Everything that had happened since he had woken up all those weeks ago had been leading up to this. All that energy, all that frustration, all that humiliation, all ending with this meeting. If he’d been breathing, he would have breathed heavily. If his heart had been beating, it would have pounded in his chest. As much as a vampire could have butterflies, he did. This was it. Finally, he would have his answers. Finally, he would show the world a true vampire. Yulric stepped into the circle and bowed.

“Arise,” said the elder in front of him.

“You wish to speak with us?” said the elder behind him.

“Yes, I . . .” He halted. For the first time, Yulric got a good look at them. There were six men and seven women. Each seemed to represent a type of vampire Yulric had seen coming in, the Goth, the lacy-cuffs, the psychic. A handful were in shape, the majority were very,
very
average, with guts or hips bulging with the fat that comes with middle age. One was so large he could barely fit in his chair.
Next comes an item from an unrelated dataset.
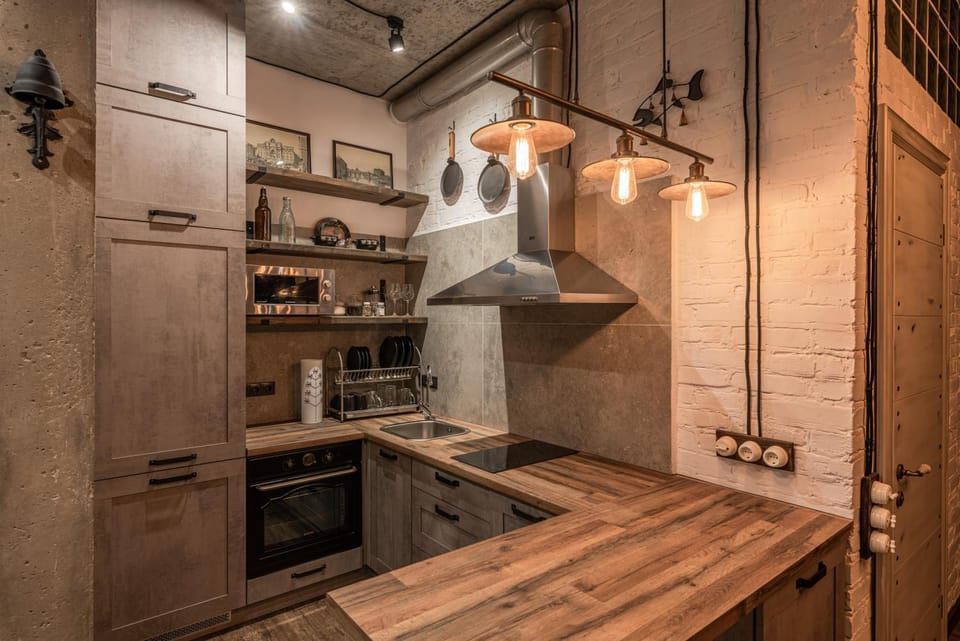 Kitchen or kitchenette, Dining area, Communal kitchen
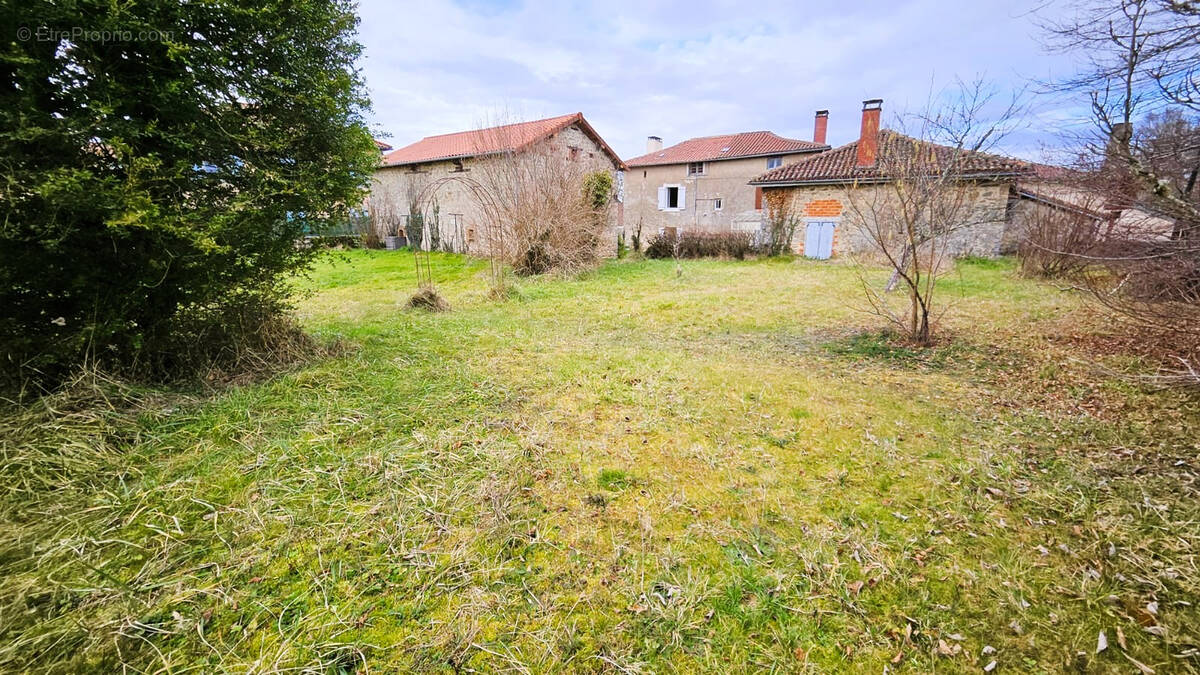 Maison à LES CARS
Clothing, jewelry, and skin were littered with ankhs, pentagrams, elder signs, and other symbols of varying occult significance. All in all, they were a most eclectic group. They really had only a single thing in common.

They were all mortal.

Yulric searched the elders for some sign of immortality. You could always tell, in the way someone moved or smelled or, in Yulric’s case, looked. But here, there was nothing. No spark, no odor, nothing beyond veneer fangs and dyed hair. The vampire elders were a middle-aged social group.

“Excuse me,” he said with a bow and retreated from the circle. He found his way back to Tony.

The bouncer raised a confused eyebrow. “Is there a problem?”

“Could you take me to the
other
vampyr elders?” requested Yulric.

For a second, it seemed like the guard didn’t know what he was talking about. A moment later, though, he nodded. “Follow me.”

Yulric trailed him, away from the vampire elders, past the other mortals playing pretend, and back down the metal staircase.

“Over there,” Tony said.

Yulric found himself staring at the swarm of writhing bodies Amanda had melted into. With a growl of disgust, he slithered his way into the tangled mass, working his way through the cracks between bodies, searching for some sign of undeath. The celebrants didn’t seem to notice his passage, with one exception.

Amanda froze as a familiar, cold sensation spread across her back. She turned to find Yulric trying to squeeze by without being dry humped.

“How did it go with the elders?” she shouted. Yulric did not respond. “What? What happened?”

Yulric leaned down, his masked face unnervingly close to her ear. His mouth moved. He was shouting. Still, Amanda could just barely make out the word
mortals
.

“What?” she exclaimed in surprise. “You’re kidding me! I’ve spent months trying to get up to see them. Ugh.” She was kicking herself for being so stupid. Or that might have been the leg of the woman behind her.

Meanwhile, Yulric levitated slightly in the air and scanned the monochromatic crowd. A moment later, he was bowling people over, no longer bothering to hide his strength. Amanda followed in his wake.

In a clearing closest to the stage, Amanda and Yulric found them: five vampires—three men and a pair of women—dancing together. All could best be described by Yulric as
svelte
and by Amanda as
anorexic
. Two of the men were well muscled, with lean, strong arms and rippling stomachs. The third’s physique was covered by a shirt, but he was likely just as well muscled and rippling as the others. The women were not quite as uniform. One wore a black tank top with black skintight jeans, while the other wore a black strapless blouse with a black skintight skirt. One was a brunette, the other a blonde. One was extremely thin but pleasingly curvaceous around the hips and bust, and the other was extremely thin but pleasingly curvaceous around the bust and hips. Very different, indeed.

All of them sparkled.

He shouted something. She leaned in, failing to hear him over the music. He shouted again and motioned.

“Body glitter,” explained Amanda, after a game of charades.

The booming speakers didn’t seem to present the same problem for him. Yulric turned his hand palm up.
And that is?

Amanda paused to figure out how best to simplify
glitter
. Eventually, she decided upon “Makeup.” She turned back to the dancing vampires. One of the shirtless ones had noticed her and was giving her a once-over.